Synthetic Combinations: A Causal Inference Framework for Combinatorial Interventions
Abhineet Agarwal, Anish Agarwal, Suhas Vijaykumar
TL;DR
This work introduces Synthetic Combinations, a causal-inference framework for combinatorial interventions that jointly leverages across-unit low-rank structure and across-combination sparsity in a Fourier representation. Potentials are modeled as $Y_n^{(oldsymbol{ au})} = \langle \boldsymbol{\alpha}_n, \boldsymbol{\chi}^{\boldsymbol{\tau}} \rangle + \epsilon_n^{\boldsymbol{\tau}}$, with the Fourier matrix $\mathcal{A}$ of rank $r$ and unit-specific $s$-sparse coefficients, enabling identification under unobserved confounding via a donor-set mechanism. The two-step Synthetic Combinations estimator uses horizontal regression (Lasso or CART) to learn donor outcomes and vertical regression (PCR) to transport these estimates to non-donor units, with finite-sample consistency and asymptotic normality established under precise sampling and incoherence conditions. An experimental-design mechanism guarantees the key assumptions hold with high probability, yielding a data-efficient path to estimating all $N \times 2^p$ potential outcomes and enabling ranking-based extensions. Empirically, the method outperforms baselines on movie-rating data and synthetic simulations, highlighting its potential for factorial designs, recommender systems, and basket therapies where many interventions interact in diverse ways.
Abstract
Consider a setting where there are $N$ heterogeneous units and $p$ interventions. Our goal is to learn unit-specific potential outcomes for any combination of these $p$ interventions, i.e., $N \times 2^p$ causal parameters. Choosing a combination of interventions is a problem that naturally arises in a variety of applications such as factorial design experiments, recommendation engines, combination therapies in medicine, conjoint analysis, etc.

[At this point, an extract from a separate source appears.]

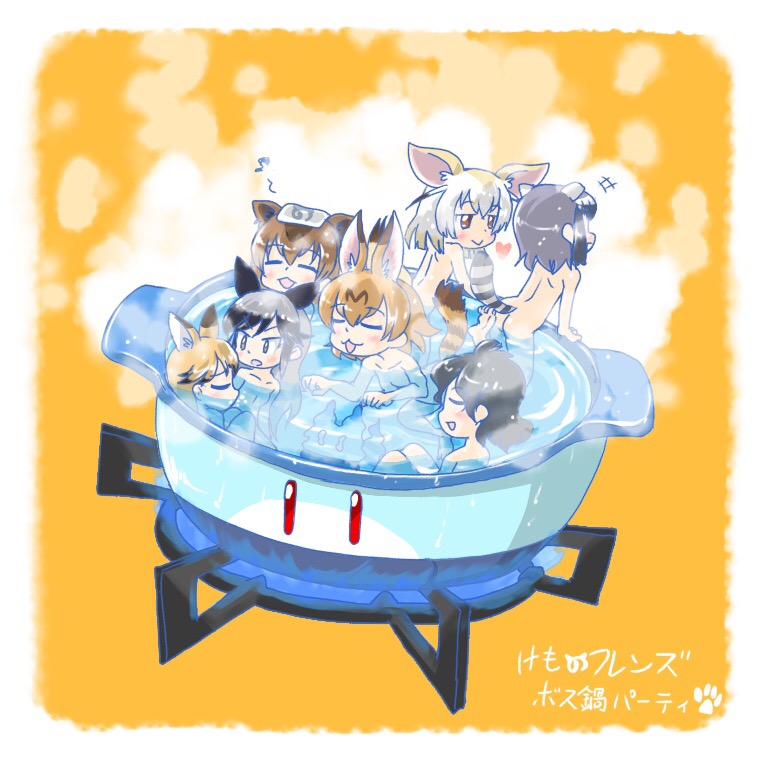 アライグマ(けものフレンズ) 「#これを見た人は俯瞰絵を貼る見た人もやる結構描いてるかと思ったらあんまりなかった」|海風しゅう@アライグマグッズ制作中のイラスト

Running $N \times 2^p$ experiments to estimate the various parameters is likely expensive and/or infeasible as $N$ and $p$ grow. Further, with observational data there is likely confounding, i.e., whether or not a unit is seen under a combination is correlated with its potential outcome under that combination. To address these challenges, we propose a novel latent factor model that imposes structure across units (i.e., the matrix of potential outcomes is approximately rank $r$), and combinations of interventions (i.e., the coefficients in the Fourier expansion of the potential outcomes is approximately $s$ sparse). We establish identification for all $N \times 2^p$ parameters despite unobserved confounding. We propose an estimation procedure, Synthetic Combinations, and establish it is finite-sample consistent and asymptotically normal under precise conditions on the observation pattern. Our results imply consistent estimation given $\text{poly}(r) \times \left( N + s^2p\right)$ observations, while previous methods have sample complexity scaling as $\min(N \times s^2p, \ \ \text{poly(r)} \times (N + 2^p))$. We use Synthetic Combinations to propose a data-efficient experimental design. Empirically, Synthetic Combinations outperforms competing approaches on a real-world dataset on movie recommendations. Lastly, we extend our analysis to do causal inference where the intervention is a permutation over $p$ items (e.g., rankings).